In response, the Tempe City Council decided unanimously to ask Tempe voters to place a new set of limits into the city charter. The voters agreed, with the new limits receiving 88% of the vote in the March 2016 election. It was a resounding victory for reform, and a reminder that voters do not want moneyed interests to dominate elections.
That should've been the end of the story. Instead, Governor Ducey was able to hold up the new limits thanks to a little-known provision in the state constitution requiring gubernatorial approval of new city charters or charter amendments. The Governor's decision is not discretionary - under the terms of the constitutional provision, he "shall approve [the charter amendment] if it shall not be in conflict with this Constitution or with the laws of the state."
In passing lower limits than those set out in state law, Tempe voters exercised their constitutional right as residents of a charter city to make their own rules for their own elections. That's a right of charter cities the Arizona courts have recognized repeatedly over the years.
Yet, 14 months after the voters passed the new limits, Governor Ducey still had not given them his official approval. With the 2018 election cycle well underway and other reform efforts stalled by the prospect of running into the same hurdle, it became crucial that Tempe voters get an answer from Governor Ducey.
On April 10, 2017, the Tempe City Council sent a letter to Governor Ducey requesting he act within 30 days. We leapt into action, launching a petition drive and canvassing effort to bring attention to the situation. Thankfully, the Governor signed off on the new limits.
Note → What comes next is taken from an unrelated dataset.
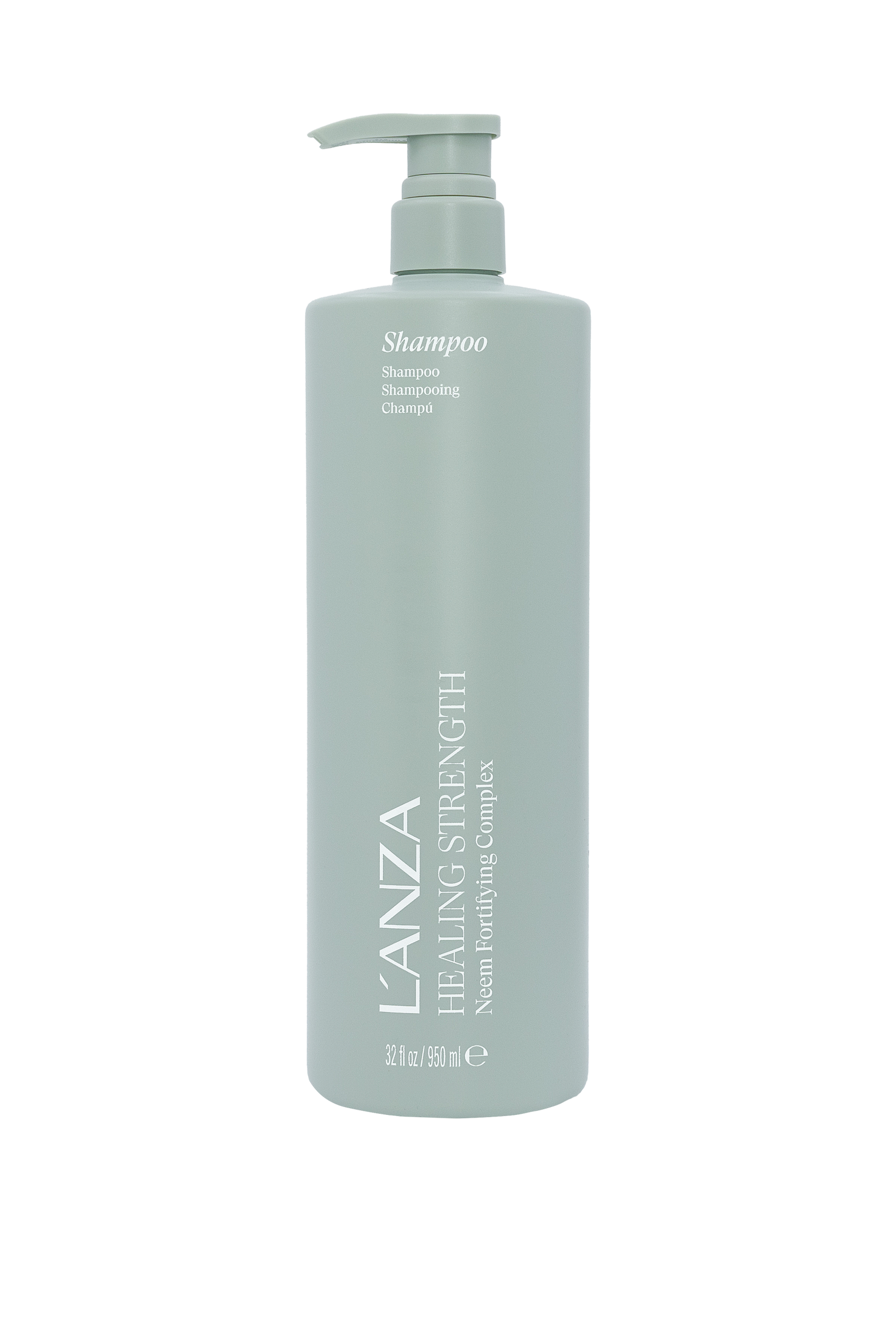 Healing Strength Neem Fortifying Shampoo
This victory means that not only will the new limits go into effect for Tempe's 2018 elections, it vindicates all charter cities' ability to reform their own elections. We continue to work with leaders in Tempe to drive forward an election reform agenda, building upon this important victory.
Phoenix Lobbying Rules and Disclosure
Following up on his reporting about some suspicious campaign contributions in Phoenix city elections, city officials discovered that Phoenix's lobbyist registration rules have no enforcement mechanism. We publicly joined a chorus of calls to fix that gaping whole in the city's transparency rules. That was in January 2017.
Yet, the problem still has not been fixed. When the Arizona Republic revisited the issue, we again called for speedy action. We will continue to be a voice for clear rules and strong enforcement, to protect the voters from having their democracy thwarted by the influence of unaccountable money.
Given the overwhelming support of Tempeans supporting their own local disclosure measure, the City of Phoenix was inspired to do the same. In November of 2018, the voters of the City of Phoenix, by a margin of 85% passed Proposition 419 requiring disclosure of the original source of all expenditures over $1,000 made to influence local City of Phoenix elections.